ジャン=ポール・エヴァンといえば、日本でも多数のブティックを構えるショコラトリーとして有名な人物です。
しかし意外にも「子供のころは自分がショコラティエになるとは思ってもみなかった」というエヴァン氏。
実は彼のショコラティエとしての才覚は、パティシエとしてのキャリアからスタートしたものでした。
今回は、ジャン=ポール・エヴァン氏についてご紹介します。
フランス西部、マイエンヌ県で子供時代を過ごしたエヴァン氏は、甘いものが大好きな父のためにお菓子を焼くような少年でした。
当時、電子工学の勉強にも励んでいましたが、16歳でパティシエになることを決意。
製菓学校を卒業後、18歳でパリの有名ホテルであるインターコンチネンタル・ホテルに就職し、翌年からホテル・ニッコー・ド・パリで勤め、24歳の時にはシェフパティシエとなるほどの才能を発揮していました。
さらに、ここでフランス料理界の巨匠ジョエル・ロブションと出会い、指導を受ける中で、芸術的な感性を磨いていきます。
その後、フランスの有名パティスリー ペルティエの東京支店のシェフパティシエを1年半勤めました。
その間にも自身の技術を磨くために数々のコンクールに参加し、シャルル・プルースト杯で優勝、クープ・デュ・モンドで優勝、チョコレート国際コンクールで優勝など、あらゆる賞を総なめにしてきました。
このことは当時のフランスのパティシエ界における快挙であり、エヴァン氏の名をトップパティシエとして広めるきっかけとなりました。
そして29歳の時には、パティスリー・コンフィズリー部門でMOFを受賞。
MOFとはMeilleur Ouvrier de Fanceの略で、フランス国家最優秀職人の意味。
日本でいうなら人間国宝に値するような栄誉あるものです。
若干29歳でのMOF受賞は、エヴァン氏を本物のアルチザン(職人)であることを証明し、国内のみならず世界からも注目されることとなりました。
MOFの受賞以降、製菓学校の時からお気に入りの素材であるショコラに特化し、その研究とショコラ作りに情熱を注いでいた結果、今のトップショコラティエとしての地位を確立したのです。
今や、エヴァン氏はチョコレート業界の法王とも呼ばれています。

またエヴァン氏は日本とも関わりが深く、「日本は大好きな第二の祖国」というほど大の親日家です。
最初の日本文化との関わりは、動作の正確さとエレガンスのために、日本の武術を学んでいたこと。
そして、日系ホテルであるホテル・ニッコー・ド・パリに勤めたことをきっかけに、さらに日本文化・習慣を知っていきます。

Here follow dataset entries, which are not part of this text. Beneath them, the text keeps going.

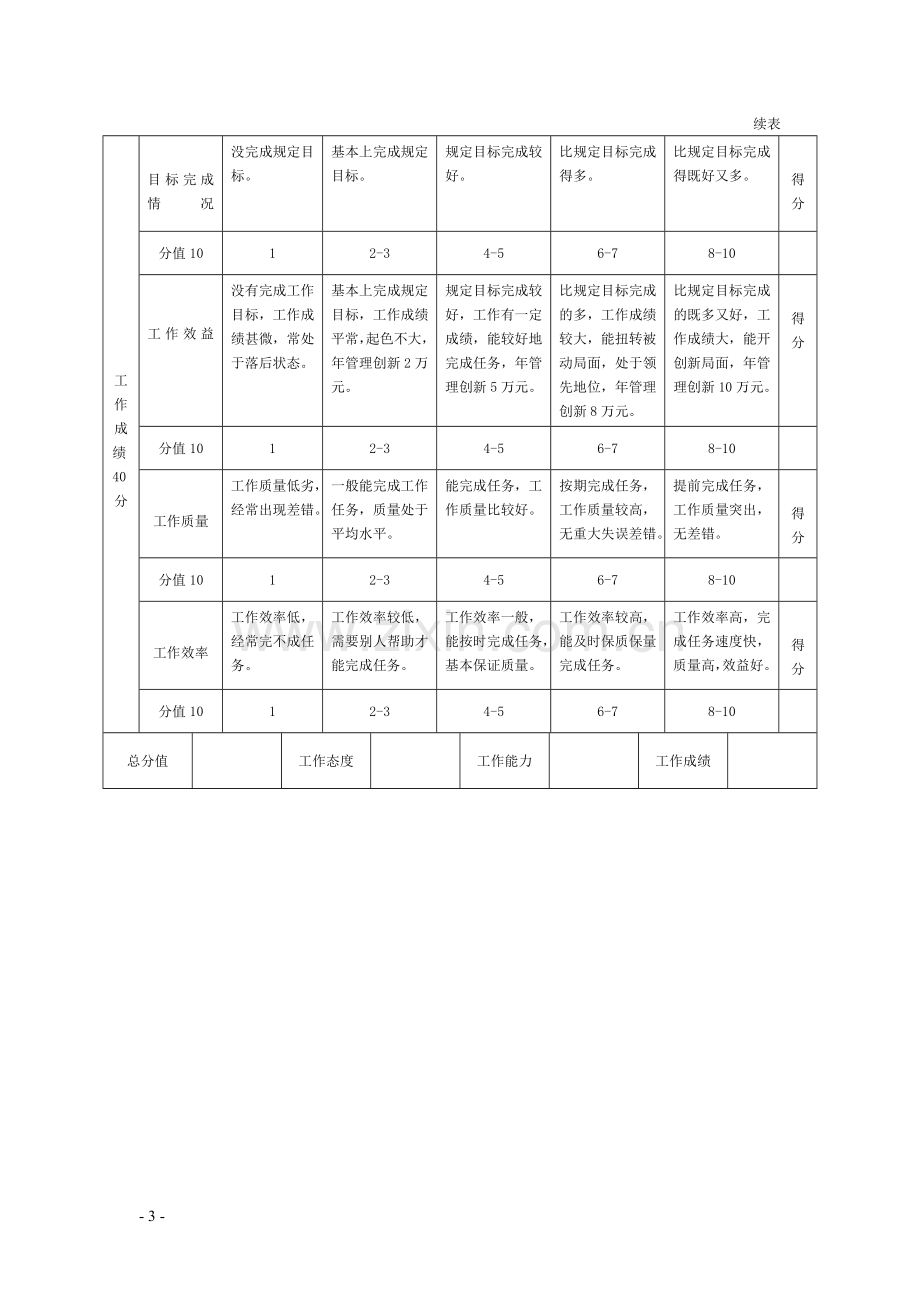 一般管理人员年度绩效评价标准.doc_第3页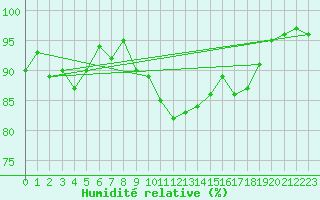 Courbe de l'humidit relative pour Memmingen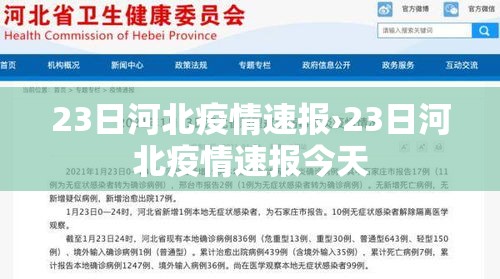 23日河北疫情速报›23日河北疫情速报今天 23日河北疫情速报›23日河北疫情速报今天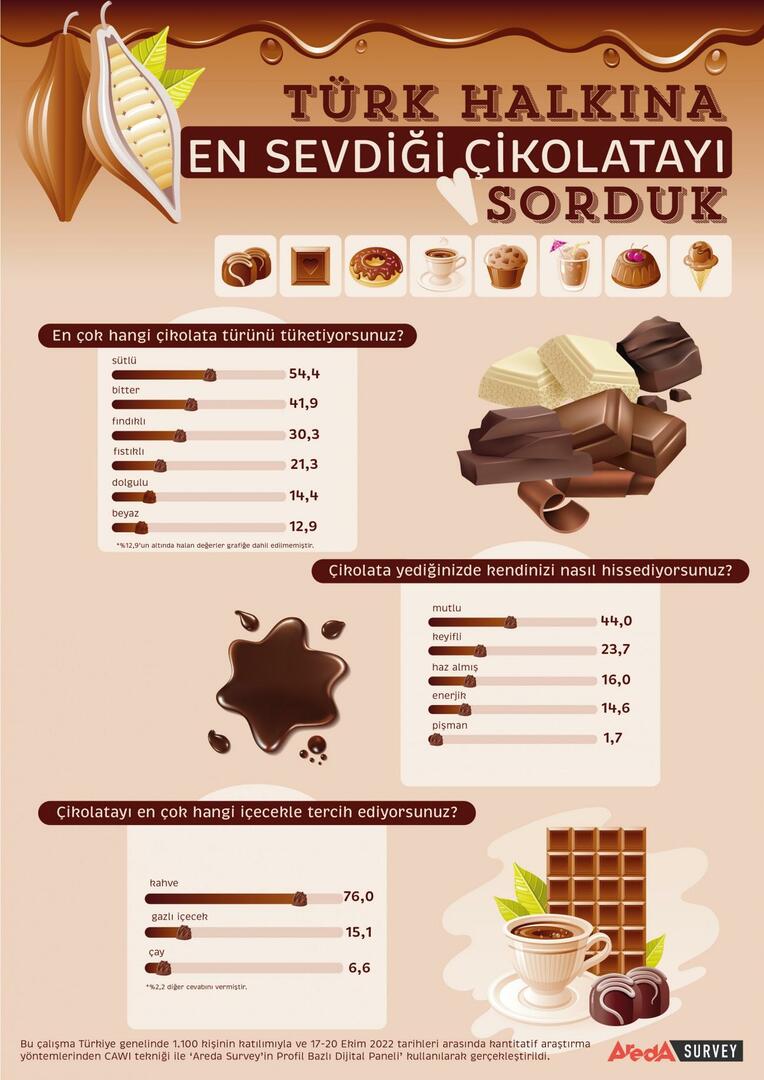 Turki pārsvarā dod priekšroku piena šokolādei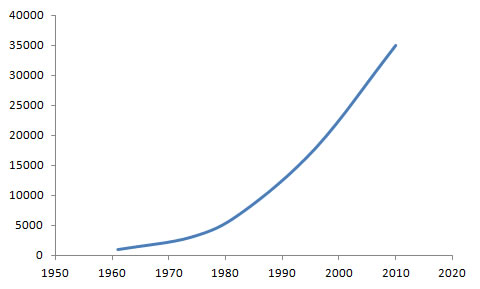 International Bar Association Membership Chart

ペルティエの東京支店のシェフパティシエとして来日した際には、日本の厳格な美意識に感銘を受け、自身の作品にも取り入れられました。
そして独立後、海外初出店の地はやはり大好きな日本。
ここでも彼のショコラは多くの人を虜にし、バレンタインが近くなると数時間待ちの長蛇の列ができることでも有名になりました。
日本経済新聞でも一流ショコラティエとして紹介され、ジャン=ポール・エヴァンの日本上陸は高級チョコレートブームの火付け役となりました。
その後もエヴァン氏は様々な取り組みを行っています。
カカオ豆からチョコレートまでを自社で独自に生産する「Bean-to-Bar」の取り組みや、店舗内に「ショコラ・バー」を設けるなど、常に新しいアプローチを模索する姿勢も、多くのファンを持つ理由ではないでしょうか。
58歳になる今でも情熱をもって仕事と向き合い、努力を惜しまないエヴァン氏は、日本、そしてフランスのショコラティエの頂点に君臨しています。